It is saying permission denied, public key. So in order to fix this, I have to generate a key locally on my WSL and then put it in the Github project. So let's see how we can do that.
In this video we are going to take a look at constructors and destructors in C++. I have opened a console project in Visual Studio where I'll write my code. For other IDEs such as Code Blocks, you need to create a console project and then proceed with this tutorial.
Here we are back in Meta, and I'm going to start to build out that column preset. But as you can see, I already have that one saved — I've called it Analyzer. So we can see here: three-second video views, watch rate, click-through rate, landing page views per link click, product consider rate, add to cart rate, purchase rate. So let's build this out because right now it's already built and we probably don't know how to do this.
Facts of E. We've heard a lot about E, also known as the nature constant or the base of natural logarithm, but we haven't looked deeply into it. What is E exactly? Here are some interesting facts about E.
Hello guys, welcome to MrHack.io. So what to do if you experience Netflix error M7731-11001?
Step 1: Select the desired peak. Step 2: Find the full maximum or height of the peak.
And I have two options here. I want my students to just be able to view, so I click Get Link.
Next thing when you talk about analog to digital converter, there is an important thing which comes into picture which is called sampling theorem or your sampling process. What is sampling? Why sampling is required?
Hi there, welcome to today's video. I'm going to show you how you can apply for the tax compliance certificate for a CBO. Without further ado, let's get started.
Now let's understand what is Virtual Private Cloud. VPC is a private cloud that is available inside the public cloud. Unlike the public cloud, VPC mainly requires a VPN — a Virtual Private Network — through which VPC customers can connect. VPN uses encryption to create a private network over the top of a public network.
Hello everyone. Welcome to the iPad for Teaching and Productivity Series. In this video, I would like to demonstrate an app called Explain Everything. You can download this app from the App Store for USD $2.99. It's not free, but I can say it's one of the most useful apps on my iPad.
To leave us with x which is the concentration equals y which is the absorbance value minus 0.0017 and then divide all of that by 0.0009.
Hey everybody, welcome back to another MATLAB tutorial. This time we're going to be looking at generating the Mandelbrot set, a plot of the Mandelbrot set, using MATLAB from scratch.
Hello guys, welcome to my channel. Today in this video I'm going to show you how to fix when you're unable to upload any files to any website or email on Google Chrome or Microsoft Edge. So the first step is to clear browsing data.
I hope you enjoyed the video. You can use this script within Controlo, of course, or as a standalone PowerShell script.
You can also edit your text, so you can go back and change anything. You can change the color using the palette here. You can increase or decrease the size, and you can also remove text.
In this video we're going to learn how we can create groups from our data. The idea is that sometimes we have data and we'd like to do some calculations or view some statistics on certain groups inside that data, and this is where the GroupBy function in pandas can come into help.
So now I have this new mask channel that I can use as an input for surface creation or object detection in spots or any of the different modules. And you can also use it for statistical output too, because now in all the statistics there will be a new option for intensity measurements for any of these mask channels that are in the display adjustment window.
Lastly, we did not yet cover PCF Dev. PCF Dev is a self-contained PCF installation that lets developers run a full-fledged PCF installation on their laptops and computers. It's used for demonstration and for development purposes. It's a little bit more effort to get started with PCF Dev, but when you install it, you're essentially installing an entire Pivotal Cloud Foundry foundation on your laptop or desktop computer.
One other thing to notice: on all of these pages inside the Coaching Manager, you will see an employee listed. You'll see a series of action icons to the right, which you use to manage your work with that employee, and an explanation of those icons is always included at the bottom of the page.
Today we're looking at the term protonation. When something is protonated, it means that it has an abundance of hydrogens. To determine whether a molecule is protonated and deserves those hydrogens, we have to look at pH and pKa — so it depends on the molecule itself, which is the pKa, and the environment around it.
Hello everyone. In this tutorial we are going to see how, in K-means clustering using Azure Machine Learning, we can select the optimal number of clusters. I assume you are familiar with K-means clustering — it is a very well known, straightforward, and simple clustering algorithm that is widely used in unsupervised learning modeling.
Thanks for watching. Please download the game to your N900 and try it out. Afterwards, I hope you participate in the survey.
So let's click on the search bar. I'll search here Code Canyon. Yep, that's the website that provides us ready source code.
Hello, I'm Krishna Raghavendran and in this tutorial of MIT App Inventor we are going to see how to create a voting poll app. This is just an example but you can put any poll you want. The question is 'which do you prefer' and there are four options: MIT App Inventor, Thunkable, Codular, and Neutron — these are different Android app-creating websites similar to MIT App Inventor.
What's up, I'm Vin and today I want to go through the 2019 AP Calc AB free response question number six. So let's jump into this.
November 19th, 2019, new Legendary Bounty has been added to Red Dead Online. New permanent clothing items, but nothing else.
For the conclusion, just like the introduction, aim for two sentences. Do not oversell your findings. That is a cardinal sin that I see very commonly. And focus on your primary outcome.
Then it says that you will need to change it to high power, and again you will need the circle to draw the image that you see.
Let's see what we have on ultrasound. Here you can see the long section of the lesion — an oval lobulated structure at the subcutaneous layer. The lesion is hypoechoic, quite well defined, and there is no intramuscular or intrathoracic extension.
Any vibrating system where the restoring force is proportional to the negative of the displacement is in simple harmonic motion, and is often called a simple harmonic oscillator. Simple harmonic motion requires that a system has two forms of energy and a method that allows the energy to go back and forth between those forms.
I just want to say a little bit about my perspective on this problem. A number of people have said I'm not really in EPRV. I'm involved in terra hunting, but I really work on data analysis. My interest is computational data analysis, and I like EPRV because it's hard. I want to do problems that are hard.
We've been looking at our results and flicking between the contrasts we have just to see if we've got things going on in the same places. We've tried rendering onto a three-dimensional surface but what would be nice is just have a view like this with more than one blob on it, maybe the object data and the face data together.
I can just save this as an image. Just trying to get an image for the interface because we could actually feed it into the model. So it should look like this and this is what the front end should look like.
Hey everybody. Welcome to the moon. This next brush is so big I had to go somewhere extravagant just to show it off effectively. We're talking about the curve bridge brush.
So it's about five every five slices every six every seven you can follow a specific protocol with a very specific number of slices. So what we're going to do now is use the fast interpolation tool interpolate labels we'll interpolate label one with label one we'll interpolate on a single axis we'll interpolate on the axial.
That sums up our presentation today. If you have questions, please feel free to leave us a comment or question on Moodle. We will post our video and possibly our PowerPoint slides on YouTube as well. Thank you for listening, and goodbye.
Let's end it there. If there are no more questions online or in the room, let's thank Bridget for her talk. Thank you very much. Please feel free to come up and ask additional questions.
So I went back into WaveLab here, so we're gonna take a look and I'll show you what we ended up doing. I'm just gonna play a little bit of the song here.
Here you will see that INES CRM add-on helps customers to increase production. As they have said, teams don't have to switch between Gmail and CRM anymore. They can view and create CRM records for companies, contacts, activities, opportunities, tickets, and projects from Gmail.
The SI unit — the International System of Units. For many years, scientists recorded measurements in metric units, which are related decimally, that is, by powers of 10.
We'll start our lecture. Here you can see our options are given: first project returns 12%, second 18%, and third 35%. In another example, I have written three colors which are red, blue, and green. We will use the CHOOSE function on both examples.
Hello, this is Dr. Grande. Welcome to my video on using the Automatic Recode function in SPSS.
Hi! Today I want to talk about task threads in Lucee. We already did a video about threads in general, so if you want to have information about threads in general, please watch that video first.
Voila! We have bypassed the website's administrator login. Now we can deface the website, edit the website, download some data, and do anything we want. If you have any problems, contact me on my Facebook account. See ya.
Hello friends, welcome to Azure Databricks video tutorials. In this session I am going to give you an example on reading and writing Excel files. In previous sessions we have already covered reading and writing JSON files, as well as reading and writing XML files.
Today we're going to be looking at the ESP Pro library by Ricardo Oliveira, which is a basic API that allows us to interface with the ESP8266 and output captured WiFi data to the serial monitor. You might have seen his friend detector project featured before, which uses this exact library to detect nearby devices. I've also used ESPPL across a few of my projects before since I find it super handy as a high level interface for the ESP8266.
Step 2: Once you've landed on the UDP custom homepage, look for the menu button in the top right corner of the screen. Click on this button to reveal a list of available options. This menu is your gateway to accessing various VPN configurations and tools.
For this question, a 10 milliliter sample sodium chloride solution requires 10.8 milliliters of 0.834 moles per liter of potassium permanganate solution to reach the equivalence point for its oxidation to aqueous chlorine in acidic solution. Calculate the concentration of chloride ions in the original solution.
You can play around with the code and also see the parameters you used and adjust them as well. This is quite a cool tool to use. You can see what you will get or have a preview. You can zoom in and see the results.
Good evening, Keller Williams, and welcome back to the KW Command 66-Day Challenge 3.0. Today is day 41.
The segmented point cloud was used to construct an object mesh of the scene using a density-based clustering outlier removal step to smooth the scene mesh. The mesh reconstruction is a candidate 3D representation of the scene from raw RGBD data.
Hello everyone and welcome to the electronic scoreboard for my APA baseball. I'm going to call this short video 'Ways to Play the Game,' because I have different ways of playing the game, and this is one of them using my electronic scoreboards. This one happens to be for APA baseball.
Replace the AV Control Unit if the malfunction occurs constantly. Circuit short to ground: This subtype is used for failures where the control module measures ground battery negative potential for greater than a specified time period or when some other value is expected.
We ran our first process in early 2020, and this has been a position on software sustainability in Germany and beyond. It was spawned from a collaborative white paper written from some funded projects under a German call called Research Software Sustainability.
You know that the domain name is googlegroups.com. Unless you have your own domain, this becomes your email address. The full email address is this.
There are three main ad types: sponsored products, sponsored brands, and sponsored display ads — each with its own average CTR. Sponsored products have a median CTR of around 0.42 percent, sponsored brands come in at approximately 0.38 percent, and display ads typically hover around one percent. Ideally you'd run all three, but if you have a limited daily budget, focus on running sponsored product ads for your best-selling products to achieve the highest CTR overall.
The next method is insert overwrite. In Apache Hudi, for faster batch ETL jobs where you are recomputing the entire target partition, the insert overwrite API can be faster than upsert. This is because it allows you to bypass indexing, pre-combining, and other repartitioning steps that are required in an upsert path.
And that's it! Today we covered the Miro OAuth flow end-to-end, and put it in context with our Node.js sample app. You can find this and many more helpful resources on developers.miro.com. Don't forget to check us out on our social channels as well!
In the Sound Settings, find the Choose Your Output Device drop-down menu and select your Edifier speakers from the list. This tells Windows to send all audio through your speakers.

····················

Work instruction:
Taking the entries above, write out exactly the lines starting with the line containing "I just want" and going on through the line containing "We've been looking", both included, and nothing else.

Written solution:
I just want to say a little bit about my perspective on this problem. A number of people have said I'm not really in EPRV. I'm involved in terra hunting, but I really work on data analysis. My interest is computational data analysis, and I like EPRV because it's hard. I want to do problems that are hard.
We've been looking at our results and flicking between the contrasts we have just to see if we've got things going on in the same places. We've tried rendering onto a three-dimensional surface but what would be nice is just have a view like this with more than one blob on it, maybe the object data and the face data together.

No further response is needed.